WHAT IS NEEDED:
Repeat the records below exactly from the line containing "Jordan | Shoes" to the line containing "Paris'te Şara-Macron zirvesi: Fransa", taking in both of those lines. Drop the pictures.

AVAILABLE DATA:
□ □ □

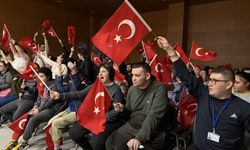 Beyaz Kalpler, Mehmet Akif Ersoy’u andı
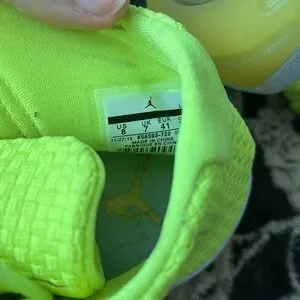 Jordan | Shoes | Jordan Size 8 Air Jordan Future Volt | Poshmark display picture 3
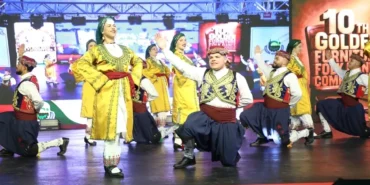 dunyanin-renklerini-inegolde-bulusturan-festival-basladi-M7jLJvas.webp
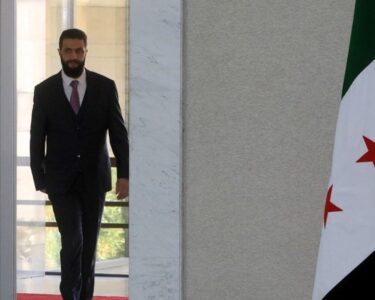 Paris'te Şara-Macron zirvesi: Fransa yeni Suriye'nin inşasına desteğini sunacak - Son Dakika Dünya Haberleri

□ □ □

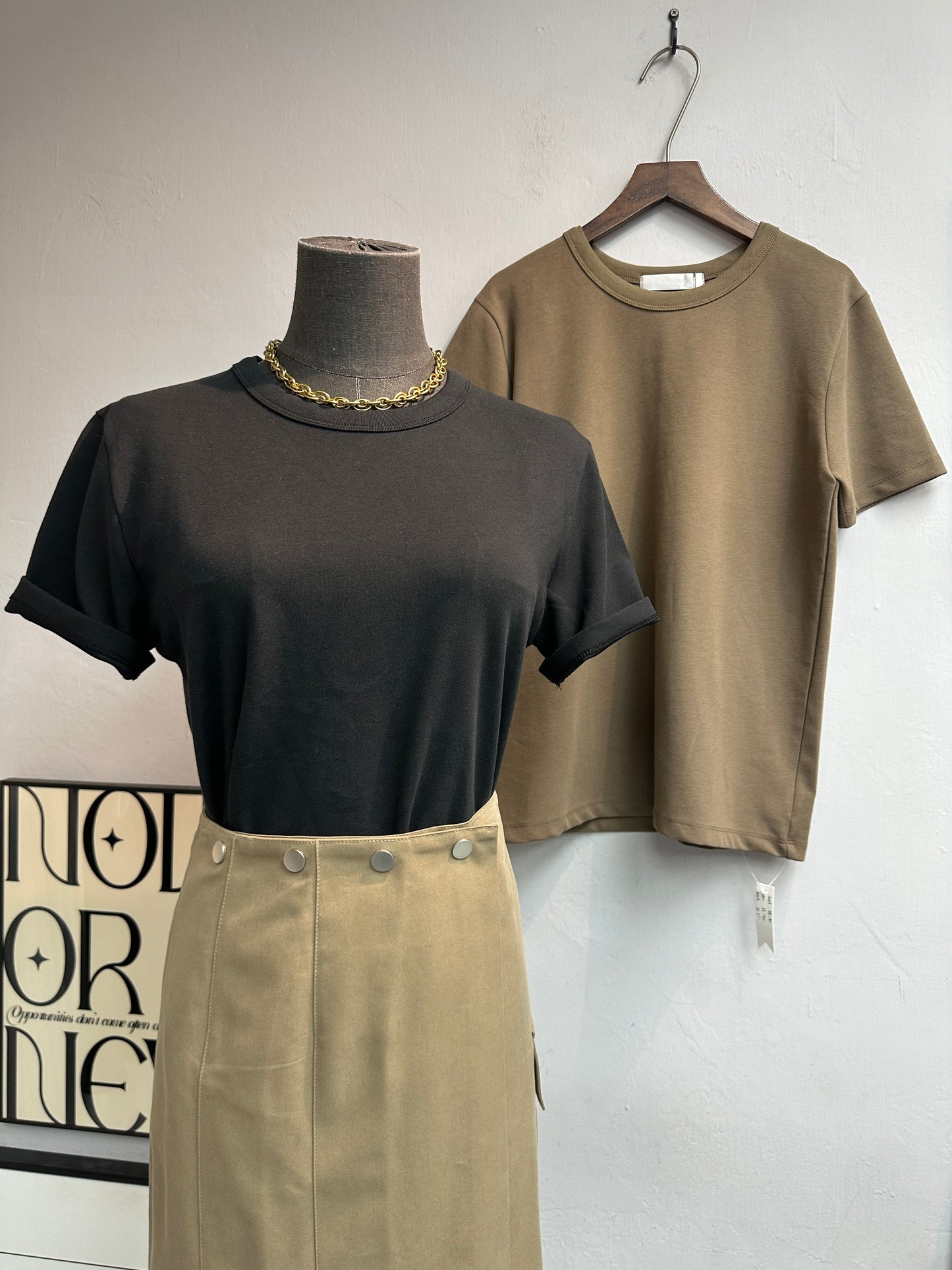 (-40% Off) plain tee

□ □ □

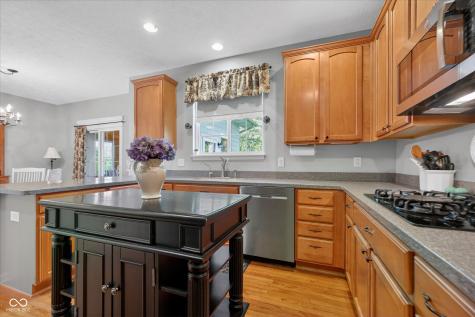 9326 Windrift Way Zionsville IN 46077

□ □ □

ANSWER TO THE PROBLEM:
 Jordan | Shoes | Jordan Size 8 Air Jordan Future Volt | Poshmark display picture 3
 dunyanin-renklerini-inegolde-bulusturan-festival-basladi-M7jLJvas.webp
 Paris'te Şara-Macron zirvesi: Fransa yeni Suriye'nin inşasına desteğini sunacak - Son Dakika Dünya Haberleri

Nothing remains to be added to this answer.